Ok, i see what you mean now. I intended "trivial" to mean (among other
things) plain O(1), but i obviously hadn't taken into account that a
statement such as it++; isn't as straightforward as it first appears, and
has O(lg(N)) worst case. In that case (If you'll allow me to grumble for
the sake of saving some face), the term "complexity consideration" is
slightly misplaced, and should have been "performance consideration". But i
get the point, and it explains the given rationale.

It also removes my concerns that this issue was concerned with alternative
implementations, so it would seem to strengthen the assumption that the
stability requirement is in fact intended, but has not been spelled out. In
that case, this calls for a defect report, which i'll try to submit
shortly.

Frank.

---
[ comp.std.c++ is moderated.  To submit articles, try just posting with ]
[ your news-reader.  If that fails, use mailto:std-c++@ncar.ucar.edu    ]
[              --- Please see the FAQ before posting. ---               ]
[ FAQ: http://www.jamesd.demon.co.uk/csc/faq.html                       ]

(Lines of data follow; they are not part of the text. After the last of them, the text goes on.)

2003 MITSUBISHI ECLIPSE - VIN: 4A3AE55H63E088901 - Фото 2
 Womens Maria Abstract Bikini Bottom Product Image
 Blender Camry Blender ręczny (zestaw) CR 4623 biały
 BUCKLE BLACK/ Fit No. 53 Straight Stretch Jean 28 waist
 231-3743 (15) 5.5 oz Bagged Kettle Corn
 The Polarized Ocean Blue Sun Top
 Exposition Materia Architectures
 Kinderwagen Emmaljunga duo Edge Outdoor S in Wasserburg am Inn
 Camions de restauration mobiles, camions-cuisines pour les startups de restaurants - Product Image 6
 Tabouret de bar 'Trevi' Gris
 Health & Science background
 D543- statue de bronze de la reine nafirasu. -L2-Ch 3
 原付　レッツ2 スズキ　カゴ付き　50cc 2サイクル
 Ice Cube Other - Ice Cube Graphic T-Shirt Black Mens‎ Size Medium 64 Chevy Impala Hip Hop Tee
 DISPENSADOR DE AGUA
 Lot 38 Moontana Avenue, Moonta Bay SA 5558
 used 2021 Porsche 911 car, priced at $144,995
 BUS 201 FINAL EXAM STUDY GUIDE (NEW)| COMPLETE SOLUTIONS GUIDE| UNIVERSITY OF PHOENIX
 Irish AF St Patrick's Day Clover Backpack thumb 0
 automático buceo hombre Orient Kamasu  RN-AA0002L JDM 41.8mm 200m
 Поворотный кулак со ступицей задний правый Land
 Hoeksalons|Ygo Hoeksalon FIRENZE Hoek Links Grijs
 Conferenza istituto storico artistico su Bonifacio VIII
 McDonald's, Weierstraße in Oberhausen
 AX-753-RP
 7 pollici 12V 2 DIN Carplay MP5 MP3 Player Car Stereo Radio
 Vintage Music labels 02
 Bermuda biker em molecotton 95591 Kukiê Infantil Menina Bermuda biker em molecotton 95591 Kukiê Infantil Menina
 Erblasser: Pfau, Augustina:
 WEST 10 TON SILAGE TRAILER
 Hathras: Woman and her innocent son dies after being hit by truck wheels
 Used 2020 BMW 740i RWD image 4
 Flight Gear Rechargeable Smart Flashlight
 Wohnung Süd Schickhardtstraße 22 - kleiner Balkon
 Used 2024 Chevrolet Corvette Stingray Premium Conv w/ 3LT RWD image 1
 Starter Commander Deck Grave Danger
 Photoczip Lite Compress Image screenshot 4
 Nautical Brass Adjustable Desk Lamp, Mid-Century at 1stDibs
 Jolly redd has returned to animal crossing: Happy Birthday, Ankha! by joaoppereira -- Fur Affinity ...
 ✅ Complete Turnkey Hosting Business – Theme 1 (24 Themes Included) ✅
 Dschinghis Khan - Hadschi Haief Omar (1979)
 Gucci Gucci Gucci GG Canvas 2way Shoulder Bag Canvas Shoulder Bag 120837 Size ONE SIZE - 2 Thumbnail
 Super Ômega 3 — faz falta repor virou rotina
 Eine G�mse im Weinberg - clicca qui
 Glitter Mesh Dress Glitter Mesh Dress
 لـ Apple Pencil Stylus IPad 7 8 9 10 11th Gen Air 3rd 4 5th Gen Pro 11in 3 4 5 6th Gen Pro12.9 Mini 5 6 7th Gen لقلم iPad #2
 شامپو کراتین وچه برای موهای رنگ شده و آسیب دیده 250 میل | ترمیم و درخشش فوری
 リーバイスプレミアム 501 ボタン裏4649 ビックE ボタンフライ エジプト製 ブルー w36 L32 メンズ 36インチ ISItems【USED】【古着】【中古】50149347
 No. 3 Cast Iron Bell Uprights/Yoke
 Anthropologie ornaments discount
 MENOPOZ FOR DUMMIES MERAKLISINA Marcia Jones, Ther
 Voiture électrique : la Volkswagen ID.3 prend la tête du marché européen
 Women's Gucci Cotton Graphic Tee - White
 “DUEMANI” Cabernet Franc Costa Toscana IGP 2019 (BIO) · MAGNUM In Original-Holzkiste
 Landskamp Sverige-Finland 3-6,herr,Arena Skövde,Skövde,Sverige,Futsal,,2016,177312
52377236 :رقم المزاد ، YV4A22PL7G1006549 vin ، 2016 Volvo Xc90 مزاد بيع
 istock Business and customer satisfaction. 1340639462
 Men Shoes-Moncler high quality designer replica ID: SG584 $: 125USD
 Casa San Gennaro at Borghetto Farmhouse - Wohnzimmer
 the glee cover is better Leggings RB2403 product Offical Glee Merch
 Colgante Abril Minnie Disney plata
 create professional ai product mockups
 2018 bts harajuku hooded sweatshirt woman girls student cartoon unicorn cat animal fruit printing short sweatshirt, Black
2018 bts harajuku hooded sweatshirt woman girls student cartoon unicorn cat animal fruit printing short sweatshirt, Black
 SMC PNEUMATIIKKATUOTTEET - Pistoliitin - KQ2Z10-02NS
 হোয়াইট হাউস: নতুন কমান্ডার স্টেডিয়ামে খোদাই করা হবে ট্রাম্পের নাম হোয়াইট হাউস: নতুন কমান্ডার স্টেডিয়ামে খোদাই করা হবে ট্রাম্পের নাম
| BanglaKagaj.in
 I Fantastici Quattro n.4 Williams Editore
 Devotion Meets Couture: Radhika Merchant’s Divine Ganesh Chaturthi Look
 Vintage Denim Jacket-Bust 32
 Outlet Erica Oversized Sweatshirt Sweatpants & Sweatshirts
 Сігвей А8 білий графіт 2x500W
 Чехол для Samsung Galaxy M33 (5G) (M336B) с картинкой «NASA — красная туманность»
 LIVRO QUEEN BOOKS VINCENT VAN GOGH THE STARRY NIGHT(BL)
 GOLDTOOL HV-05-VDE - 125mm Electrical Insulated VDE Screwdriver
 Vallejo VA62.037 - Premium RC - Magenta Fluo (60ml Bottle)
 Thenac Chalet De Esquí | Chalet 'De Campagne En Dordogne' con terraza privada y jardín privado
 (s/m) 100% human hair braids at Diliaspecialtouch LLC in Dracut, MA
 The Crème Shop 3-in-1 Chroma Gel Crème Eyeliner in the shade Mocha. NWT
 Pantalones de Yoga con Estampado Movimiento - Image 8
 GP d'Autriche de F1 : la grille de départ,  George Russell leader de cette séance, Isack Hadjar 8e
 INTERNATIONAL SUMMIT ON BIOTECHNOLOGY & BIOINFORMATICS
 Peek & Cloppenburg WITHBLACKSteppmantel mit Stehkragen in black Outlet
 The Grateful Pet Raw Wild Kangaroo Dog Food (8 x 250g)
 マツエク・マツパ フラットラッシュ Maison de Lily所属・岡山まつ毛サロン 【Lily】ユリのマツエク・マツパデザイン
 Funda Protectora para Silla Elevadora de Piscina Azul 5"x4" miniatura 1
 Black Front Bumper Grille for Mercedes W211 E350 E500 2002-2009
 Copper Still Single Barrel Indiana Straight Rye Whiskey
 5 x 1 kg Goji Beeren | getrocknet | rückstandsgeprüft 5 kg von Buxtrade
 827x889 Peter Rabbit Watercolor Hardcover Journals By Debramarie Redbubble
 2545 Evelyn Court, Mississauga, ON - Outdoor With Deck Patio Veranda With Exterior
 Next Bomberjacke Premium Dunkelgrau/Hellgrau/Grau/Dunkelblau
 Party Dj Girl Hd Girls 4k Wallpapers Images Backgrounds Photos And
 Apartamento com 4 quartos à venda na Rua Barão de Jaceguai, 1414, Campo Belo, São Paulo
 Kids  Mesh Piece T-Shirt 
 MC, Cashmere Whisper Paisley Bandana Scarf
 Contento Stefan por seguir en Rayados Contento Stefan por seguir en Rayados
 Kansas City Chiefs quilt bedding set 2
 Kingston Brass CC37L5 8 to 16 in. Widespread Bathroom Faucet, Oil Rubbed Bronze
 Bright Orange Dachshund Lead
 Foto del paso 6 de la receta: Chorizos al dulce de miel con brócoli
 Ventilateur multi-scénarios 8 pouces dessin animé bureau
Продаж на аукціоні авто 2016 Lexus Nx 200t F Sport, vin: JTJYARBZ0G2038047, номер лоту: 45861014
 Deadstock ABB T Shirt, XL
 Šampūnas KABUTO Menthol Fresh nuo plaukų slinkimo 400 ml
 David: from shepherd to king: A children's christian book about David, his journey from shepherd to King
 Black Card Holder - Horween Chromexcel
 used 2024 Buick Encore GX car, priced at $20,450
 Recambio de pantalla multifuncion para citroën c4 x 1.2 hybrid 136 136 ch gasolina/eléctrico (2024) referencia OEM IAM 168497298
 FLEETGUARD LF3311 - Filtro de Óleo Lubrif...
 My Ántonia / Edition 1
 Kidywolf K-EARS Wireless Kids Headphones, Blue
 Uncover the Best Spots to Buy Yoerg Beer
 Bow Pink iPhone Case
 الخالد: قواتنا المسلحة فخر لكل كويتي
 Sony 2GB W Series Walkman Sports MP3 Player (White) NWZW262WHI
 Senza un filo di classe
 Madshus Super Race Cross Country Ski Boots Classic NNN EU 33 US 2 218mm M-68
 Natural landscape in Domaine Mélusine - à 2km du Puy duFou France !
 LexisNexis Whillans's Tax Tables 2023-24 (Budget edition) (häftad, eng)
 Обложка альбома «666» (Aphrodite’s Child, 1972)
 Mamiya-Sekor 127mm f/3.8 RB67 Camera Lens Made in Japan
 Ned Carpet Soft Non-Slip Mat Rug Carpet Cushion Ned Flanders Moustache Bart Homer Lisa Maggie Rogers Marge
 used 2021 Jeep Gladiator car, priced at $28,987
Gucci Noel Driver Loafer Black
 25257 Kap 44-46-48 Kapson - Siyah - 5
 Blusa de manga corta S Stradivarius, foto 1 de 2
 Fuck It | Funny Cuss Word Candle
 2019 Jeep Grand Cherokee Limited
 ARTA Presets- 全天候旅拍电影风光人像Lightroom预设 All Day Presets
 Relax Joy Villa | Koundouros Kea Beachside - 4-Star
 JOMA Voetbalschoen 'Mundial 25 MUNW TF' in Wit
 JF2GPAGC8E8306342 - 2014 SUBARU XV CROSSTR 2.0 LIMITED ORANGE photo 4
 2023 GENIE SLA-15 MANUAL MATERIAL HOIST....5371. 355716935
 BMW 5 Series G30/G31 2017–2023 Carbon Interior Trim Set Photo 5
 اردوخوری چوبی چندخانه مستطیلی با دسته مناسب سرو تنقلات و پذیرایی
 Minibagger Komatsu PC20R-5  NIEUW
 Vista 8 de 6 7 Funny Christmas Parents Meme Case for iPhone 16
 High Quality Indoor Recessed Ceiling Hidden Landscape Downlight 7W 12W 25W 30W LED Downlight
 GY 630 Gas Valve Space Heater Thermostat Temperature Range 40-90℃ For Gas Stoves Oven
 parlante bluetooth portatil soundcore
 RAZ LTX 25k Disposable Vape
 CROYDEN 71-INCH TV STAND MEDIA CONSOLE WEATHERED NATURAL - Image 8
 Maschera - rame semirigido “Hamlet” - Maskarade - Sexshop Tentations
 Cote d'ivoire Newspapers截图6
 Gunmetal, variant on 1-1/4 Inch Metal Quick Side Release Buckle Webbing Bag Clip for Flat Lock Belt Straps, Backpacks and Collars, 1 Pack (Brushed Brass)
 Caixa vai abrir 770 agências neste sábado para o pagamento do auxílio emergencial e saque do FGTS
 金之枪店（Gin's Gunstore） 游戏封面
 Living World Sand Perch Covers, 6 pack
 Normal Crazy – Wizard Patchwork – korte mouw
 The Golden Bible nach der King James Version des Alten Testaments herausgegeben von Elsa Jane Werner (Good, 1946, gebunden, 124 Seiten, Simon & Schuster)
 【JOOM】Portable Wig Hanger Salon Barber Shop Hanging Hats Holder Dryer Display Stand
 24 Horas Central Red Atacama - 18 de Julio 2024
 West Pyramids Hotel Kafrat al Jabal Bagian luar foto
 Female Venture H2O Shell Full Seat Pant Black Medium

Author: Frank Compagner <fxc@xs4all.nl>
Date: Fri, 12 Jul 2002 18:36:46 GMT
Raw View
jpotter@falcon.lhup.edu (John Potter) wrote in
news:3d25e325.32845140@news.earthlink.net:

> This is a practical answer.  The rebalancing of the non-existent tree
> is done via rotations and does not change the inorder traversal which
> is the sequence presented by the iterators.  A reasonable
> implementation will use the same data structure for all four
> associative containers and will have only one erase(iter) function
> which must be stable.  There is no reordering of elements, there is an
> adjustment of pointers which changes a non-existent tree but not the
> visible sequence.

Ok, so from your comments as well as, for instance, this:

http://groups.google.com/groups?selm=3cac90be%240%2427450%244c41069e%
40reader0.ash.ops.us.uu.net&rnum=1

i gather that the usual way of implementing the containers results in a
stable erase() function, which seems to be the case on the platforms i
tested. This is nice, and means i will probably get away with it for the
forseeable future, but it is not good enough for comp.std.c++.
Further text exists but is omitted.